Contacté par challenge, une de nos sources au ministère nous confie que l’enjeu de ce secteur réside aujourd’hui au niveau de la dimension technologique et surtout juridique. « Le secteur des jeux nécessite une véritable technologie. Il y’ a lieu aujourd’hui de penser un gaming qui se repose sur la culture marocaine », explique notre source. Et d’ajouter : »il faut également se pencher sur la dimension juridique. Le jeu est un outil social, et au sujet des jeux violents, il y’a nécessité d’avoir une véritable réglementation ».
Le plan Gaming
Le ministère dans son plan dédié à ce secteur ambitionne la création d’une ville dédiée à l’industrie des jeux électroniques qui regroupera des entreprises nationales et internationales, ainsi que des entreprises émergentes dans ce domaine. Dans les détails, le ministère envisage d’impulser une zone industrielle spécialement conçue pour stimuler le développement de l’industrie des jeux électroniques au Maroc.
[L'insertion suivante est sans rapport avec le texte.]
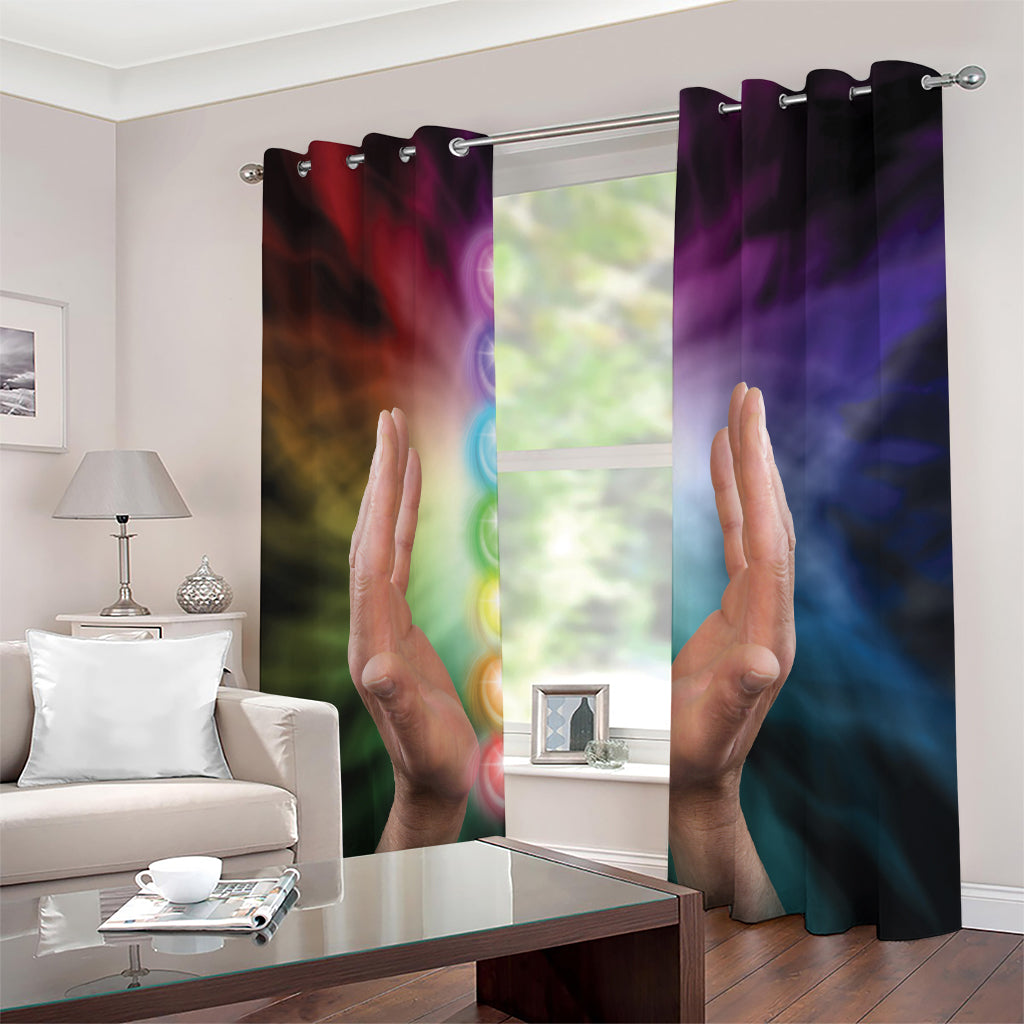 Seven Chakras Energy Print Extra Wide Grommet Curtains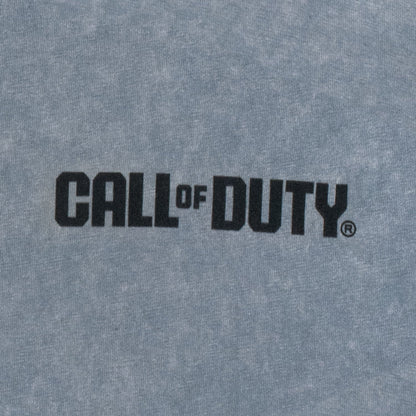 Call of Duty: Black Ops 7 Ol' Tessie Fully Equipped Grey T-Shirt - Front View Close Up Logo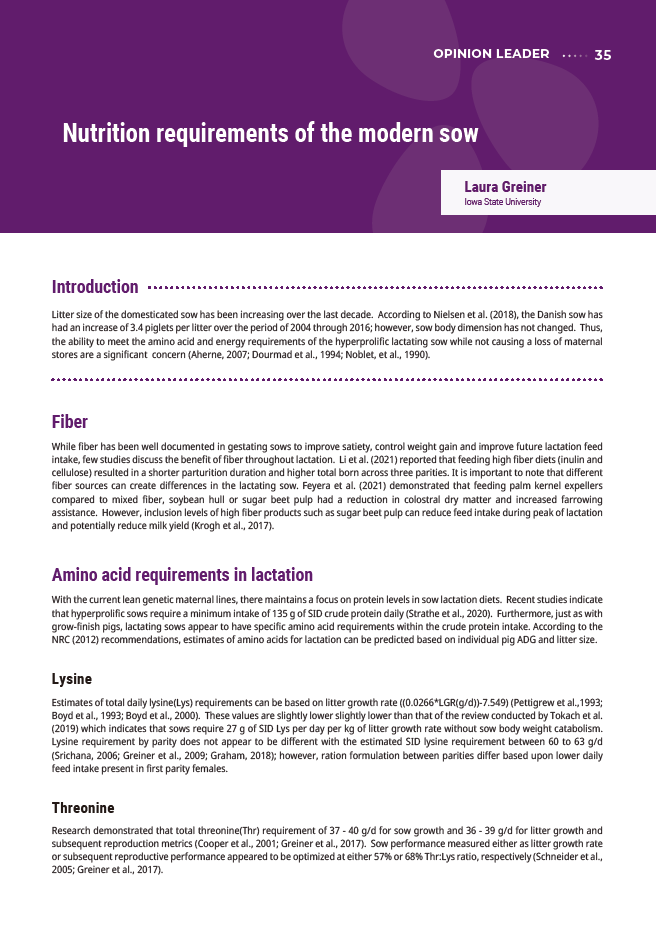 Nutrition requirements of the modern sow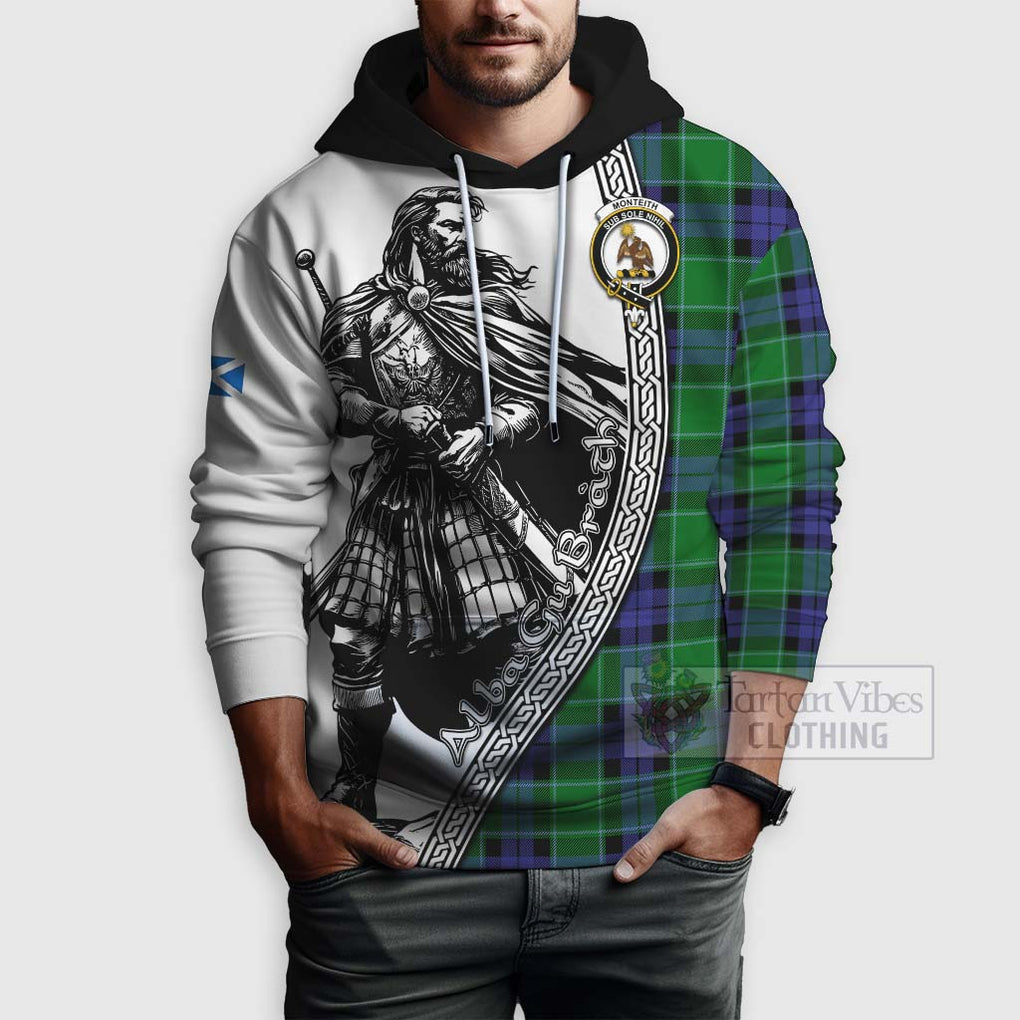 Monteith Tartan Clan Crest Hoodie with Highlander Warrior Celtic Style - Tartan Vibes Clothing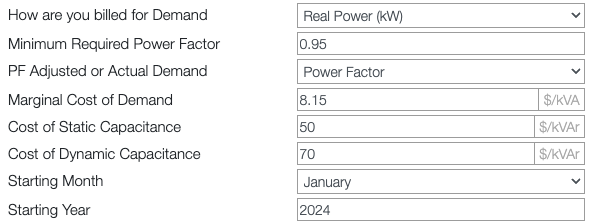 MEASUR Power Factor Calculator - Billing Setup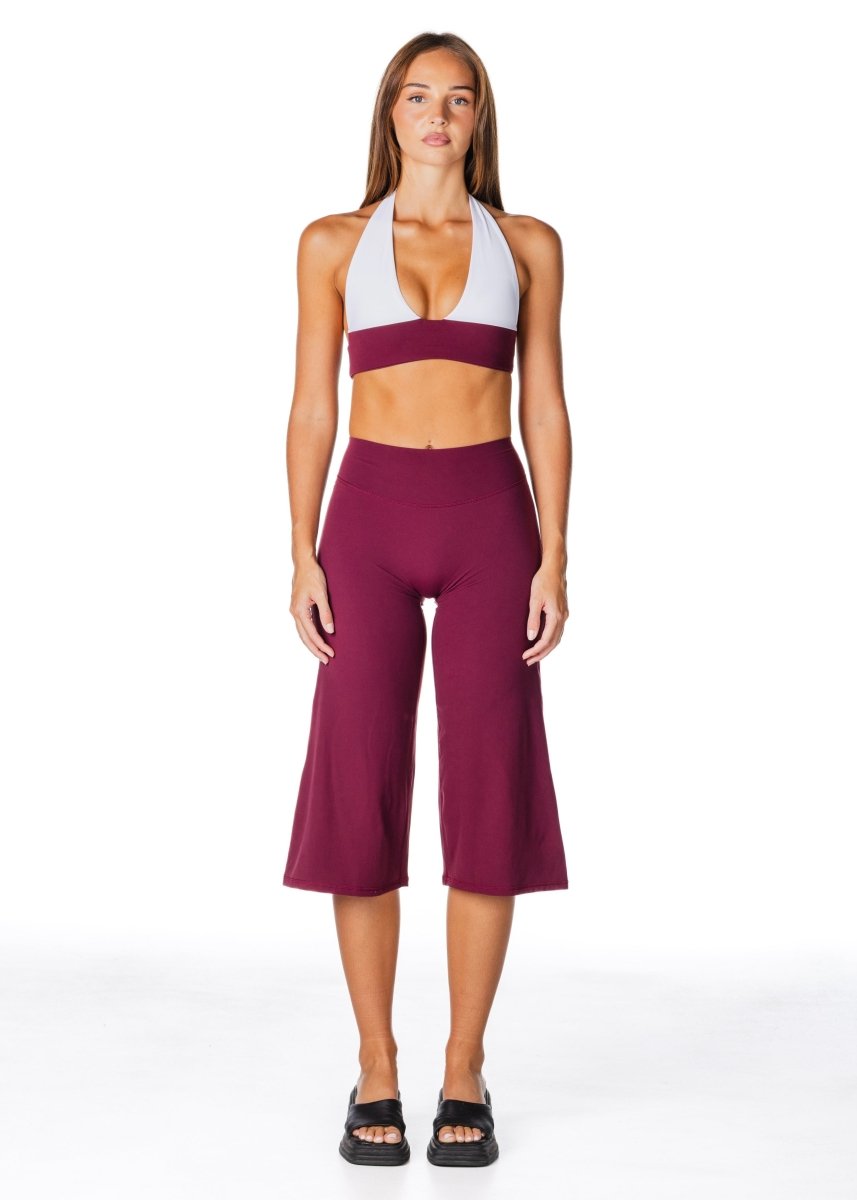 Tia Two Toned Crop - Burgundy - Kikiva Collection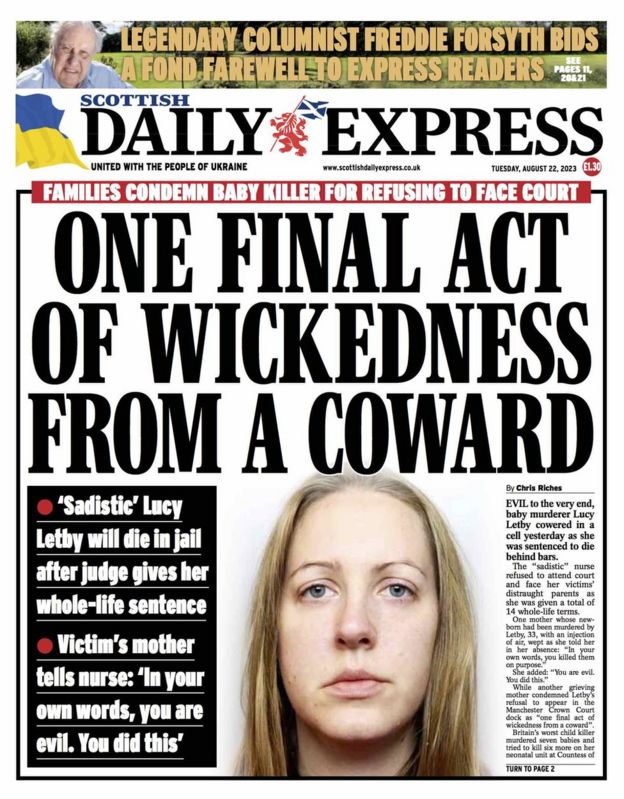 Scotland's papers 'Malevolent' Letby to die in jail for child murders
L’objectif principal de ce projet novateur est d’attirer des investissements internationaux dans ce secteur en plein essor et de positionner le Maroc comme une plateforme leader dans l’industrie des jeux électroniques, aussi bien à l’échelle africaine qu’internationale créant ainsi un système économique capable de générer 5.000 nouvelles opportunités d’emploi aux jeunes marocains, dont 3300 offres d’emploi directes.